India’s biggest ever Initial Public Offering (IPO) of Hyundai Motor India Ltd., the bidding for which ended on Thursday. received lukewarm response from retail investors but was subscribed 2.37 times helped by Qualified Institutional Buyers (QIBs).
As per data from the BSE, updated at 7 p.m. on Thursday, the IPO was subscribed 6.97 times in the QIBs category and 0.50 times in Retail Individual Investors category. The employee portion was subscribed 1.74 times.
Going by this, the IPO received lowest retail subscription among some of the big IPOs that had hit the Indian capital markets.
While the LIC IPO had seen retail investor subscription of 1.99 times, it was 2.31 times for Coal India and about 15 times for Reliance Power Ltd., according to analysts.
The Hyundai Motor India IPO which was a 100% offer for sale by its parents opened for subscription on Tuesday in the price band of ₹1,865 and ₹1,960 per share.
At the upper band the IPO would fetch ₹27,870.16 crore.
The 100% OFS by the parent was not liked by the retail investors as no money would be coming to the company, analysts said adding the pricing was too aggressive to make it attractive for retail investors to make any profit.

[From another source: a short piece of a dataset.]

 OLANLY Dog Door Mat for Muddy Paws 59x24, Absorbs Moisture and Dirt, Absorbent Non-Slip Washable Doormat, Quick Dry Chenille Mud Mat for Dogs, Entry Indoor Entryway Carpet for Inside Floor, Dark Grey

Thus the gray market premium was low.
Commenting on the below expectation participation of retail investors Arun Kejriwal, founder, Kejriwal Research said, “They did not apply because the issue was expensive by about ₹200 and that is why the market premium crashed from ₹700 to Rs ₹500.”
He said the QIB portion was subscribed more because they are long term investors who have deep pockets. “But retail investor looks for a quick return and they do not have that kind of capacity to hold on to the issue,” he added.
The allotment of shares is scheduled on Friday and shares will be listed on 22 October.